PHOTO
Sono stati nominati la scorsa settimana i relatori in Senato del ddl che dovrà regolamentare l’incandidabilità dei magistrati nell’esercizio delle loro funzioni e il loro rientro in magistratura dopo la parentesi politica. La scelta è caduta sui senatori Felice Casson ( Mdp) e Giorgio Pagliari ( Pd). Casson è un veterano di questo provvedimento, essendone stato relatore già nel 2013.
Il testo approvato alla Camera prevede «per i magistrati ordinari, amministrativi, contabili e militari, inclusi quelli collocati fuori dal ruolo organico», l’impossibilità di essere candidati «per l’elezione alla carica di membro del Parlamento europeo, senatore o deputato o a quella di presidente della Regione, consigliere regionale, presidente delle Province autonome di Trento e di Bolzano o consigliere provinciale nelle medesime Province se prestano servizio, o lo hanno prestato nei cinque anni precedenti la data di accettazione della candidatura, presso sedi o uffici giudiziari con competenza ricadente, in tutto o in parte, nella circoscrizione elettorale». Gli stessi vincoli valgono per la candidatura alle cariche di sindaco, consigliere o l’assunzione dell’incarico di assessore comunale.

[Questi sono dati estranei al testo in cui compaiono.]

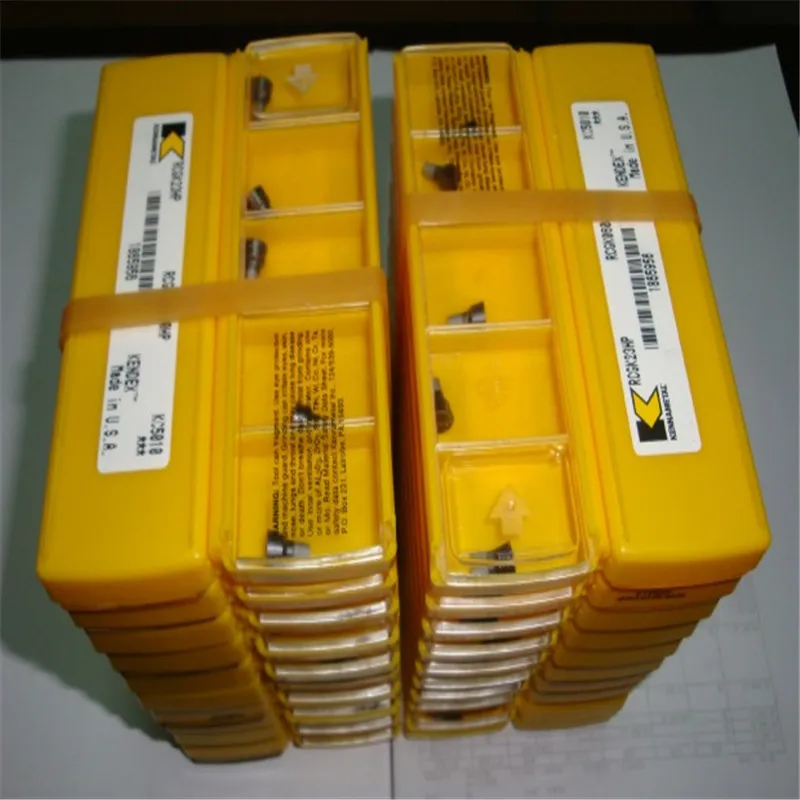 USA KENNAMETAL 100% original CARBIDE INSERTS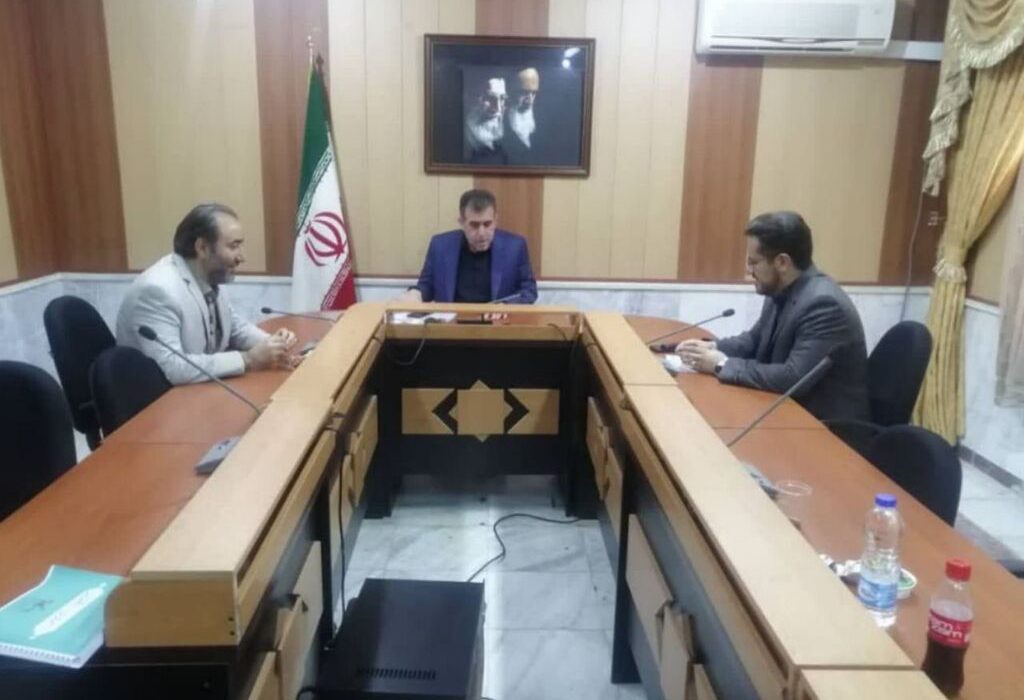 دومین نشست شورای هماهنگی آموزش و پرورش استان کرمانشاه به میزبانی کانون پرورش فکری برگزار شد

Non solo, per l’accettazione della candidatura in altro collegio o luogo diverso da quello in cui svolgevano la professione, i magistrati dovranno essere in aspettativa da almeno sei mesi. Unica “deroga”, lo scioglimento anticipato delle Camere o le elezioni suppletive, in questo caso sarà sufficiente essere in aspettativa al momento di accettare la candidatura. Per i magistrati sarà introdotto l’obbligo dell’aspettativa per ricoprire il ruolo di presidente del Consiglio dei ministri, vicepresidente del Consiglio dei ministri, ministro, viceministro, sottosegretario di Stato, sottosegretario regionale, assessore regionale o comunale se, all’atto dell’assunzione dell’incarico, non siano già collocati in aspettativa. La stessa dovrà, poi, durare per l’intero incarico.
Il provvedimento prevede per i magistrati candidati, ma non eletti, il rientro nell’incarico con l’obbligo però dell’astensione nei due anni successivi alla data delle elezioni dalle funzioni inquirenti. Gli stessi non potranno essere assegnati ad uffici all’interno della circoscrizione elettorale in cui si sono candidati. Vengono ricollocati presso l’ufficio di provenienza coloro che provengono dai collegi giudicanti della Corte di Cassazione, del Consiglio di Stato, della Corte dei Conti centrale, della Corte Militare di appello. I magistrati della Procura nazionale antimafia verranno ricollocati presso la procura generale presso la Corte di Cassazione. Al termine del mandato i magistrati verranno invece ricollocati, ove ne abbiano i requisiti, presso la Corte di Cassazione o la Procura generale della Corte di Cassazione, o in un distretto di Corte di Appello diverso da quello in cui è compresa la circoscrizione elettorale in cui erano stati eletti. Per tre anni non potranno ricoprire incarichi direttivi o semidirettivi.
«E’ un provvedimento - dice il senatore Pagliari - che va nella giusta direzione, pur se non è la soluzione netta del divieto del rientro in magistratura, auspicata non senza ragioni da taluno». E su questo aspetto si segnala la “delusione” del consigliere Pierantonio Zanettin ( FI) che, prima di essere eletto componente laico del Csm, nel 2013 era stato relatore del ddl insieme a Casson. «L’iniziale ddl dice Zanettin - venne approvato all’unanimità. Si era trovata un’ampia convergenza sul fatto che il magistrato, terminato il suo mandato, non dovesse tornare a giudicare perché l’elemento essenziale di chi riveste la toga non è essere imparziale ma apparire tale. Mi sembra evidente che se una magistrato ha avuto ruoli politici e poi torna a giudicare la sua imparzialità può essere messa in discussione». «Il testo originale è stato “annacquato” ed è chiaro che il Pd abbia alla fine voluto rendere più ' blande' le regole per i magistrati che tornano in servizio dopo aver deciso di fare politica attiva», ha poi aggiunto Zanettin.